All integers are rational numbers ? - WTSkills- Learn Maths, Quantitative Aptitude, Logical Reasoning

The question is, are all integers part of rational numbers ?

To understand the explanation, you should have basic understanding of the concept of integers and rational numbers.

Let us revise both the concepts.

What are Integers ?

All the numbers that are not fraction or decimals are known as integers.

Numbers like -4, 8, 13, -26, 106 etc. are the examples of integers.

Note that integers also contain negative numbers.

If you want to understand about integers in detail, click the red link.

The numbers which can be arranged in the form of P / Q are called rational numbers.

Where, P & Q are integers.

The numbers like $\mathtt{\frac{7}{3} ,\ \frac{5}{6} ,\ \frac{40}{8}}$ are all examples of rational numbers.

Note that the rational numbers can be in form of integers or decimals.

If you want to understand the concept of rational number in detail, click the red link.

The answer is YES !!

We can express any given integer in the form of P / Q by inserting 1 as denominator.

For example;
Consider integer number 7

If we insert denominator 1, the number will remain unchanged.

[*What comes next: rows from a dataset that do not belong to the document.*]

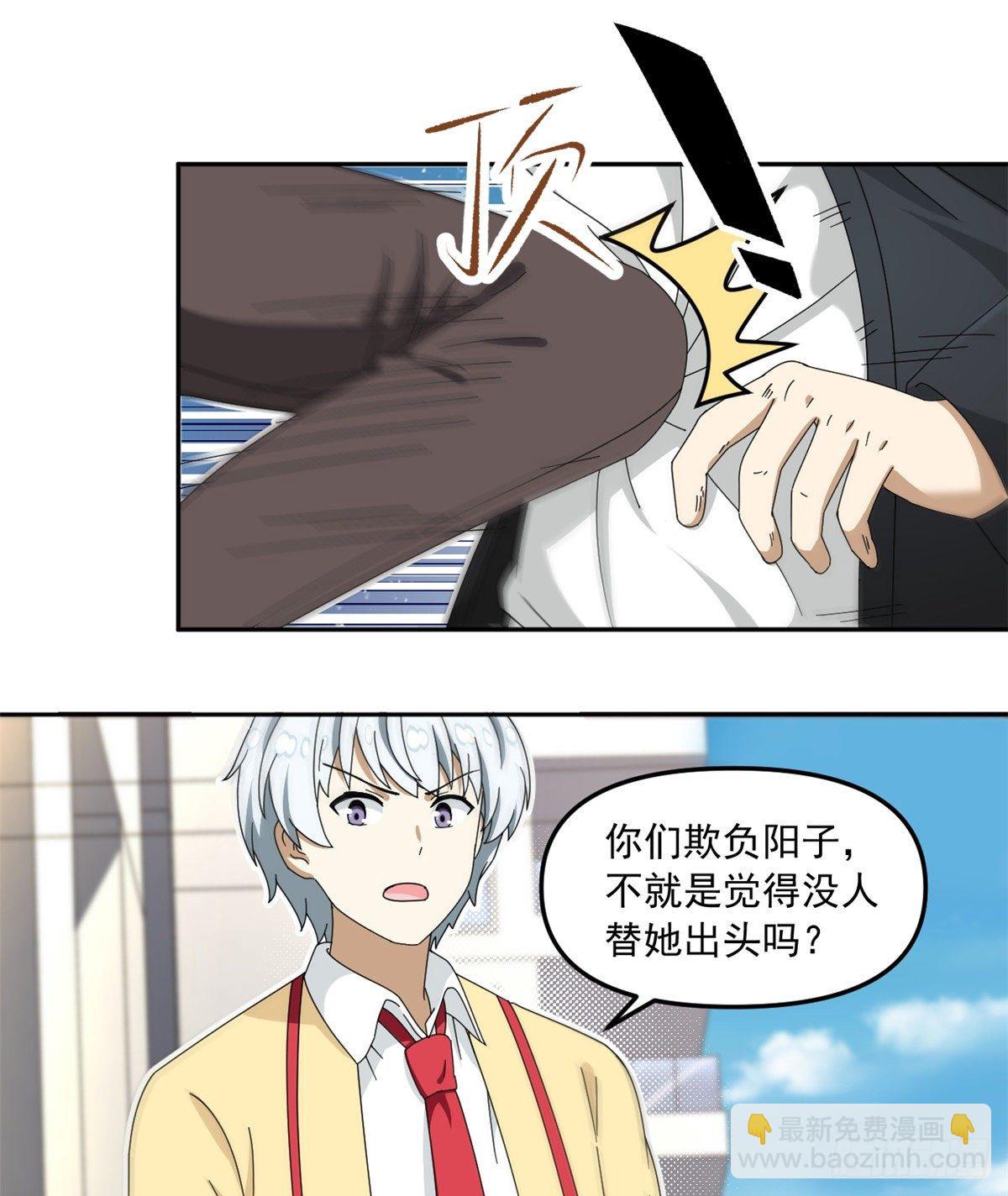 《我的女友是恶女》25 以牙还牙 第25页
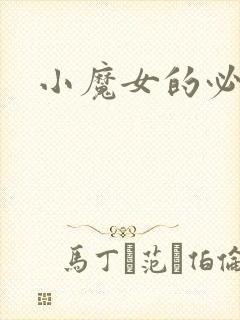 小魔女的必杀技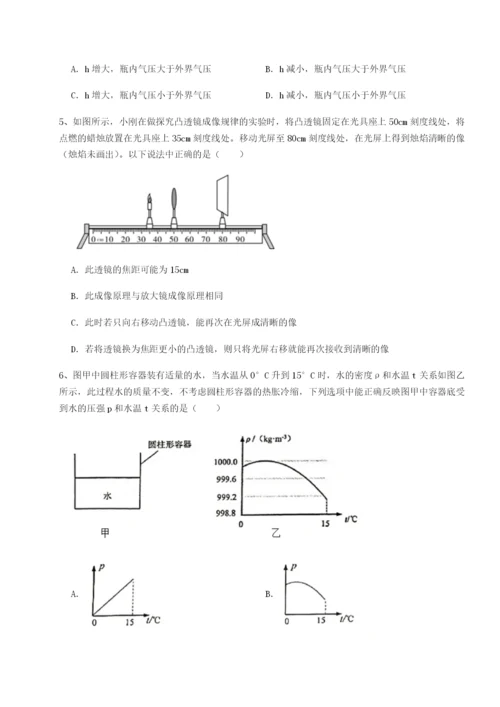 强化训练重庆市彭水一中物理八年级下册期末考试难点解析练习题.docx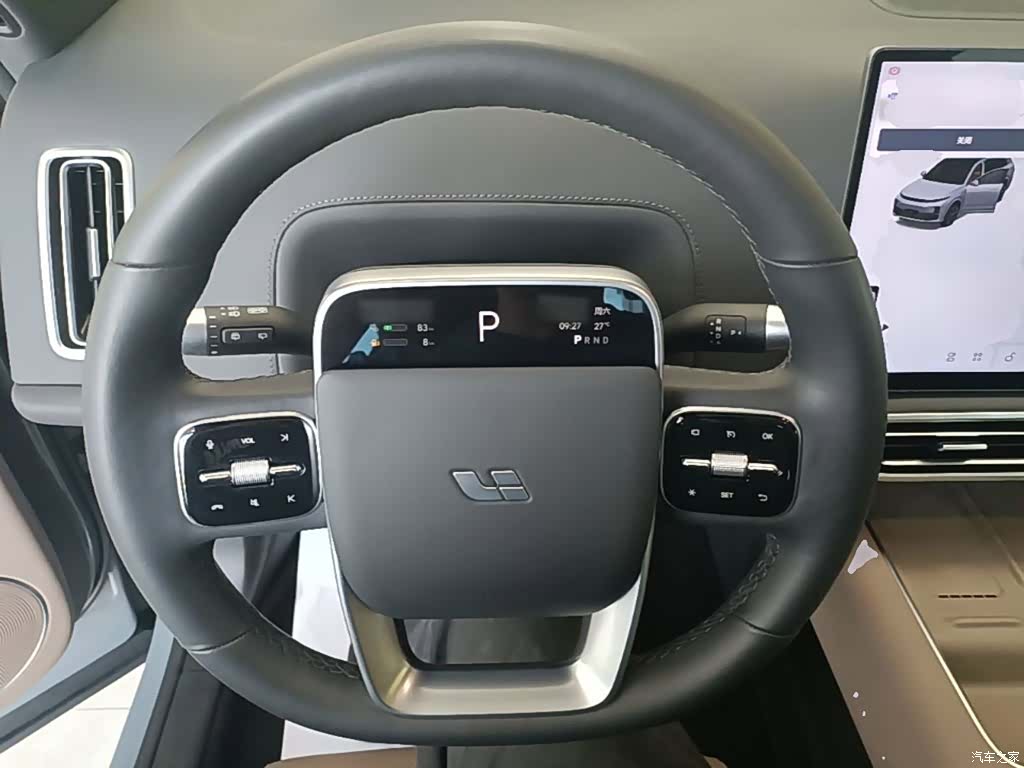 Li Auto L7, 2025 11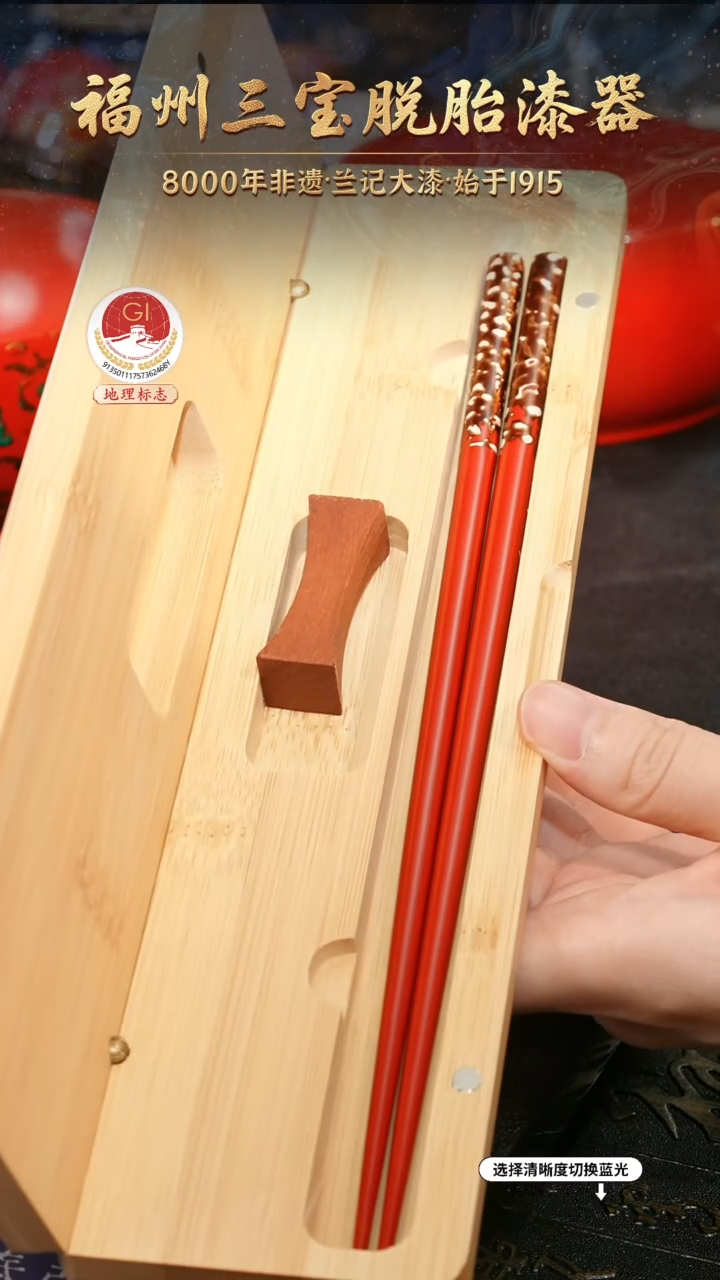 一物一拍 以商品图片为主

$\mathtt{7\ \Longrightarrow \ \frac{7}{1}}$

Since, we have expressed the integer in form of P / Q, it is a part of rational number.

Conclusion
Every integer possible is also a rational number.

Given below are some examples for your further understanding.

(i) -22

-22 is an integer which can also be written as $\mathtt{\frac{-22}{1}}$

Since the number can be expressed in form of P / Q, the given number is also a rational number.

(ii) 913

Inserting 1 in the denominator will not change the number.

$\mathtt{913\ \Longrightarrow \ \frac{913}{1}}$

Since the number is expressed in form of P/Q, it is a rational number.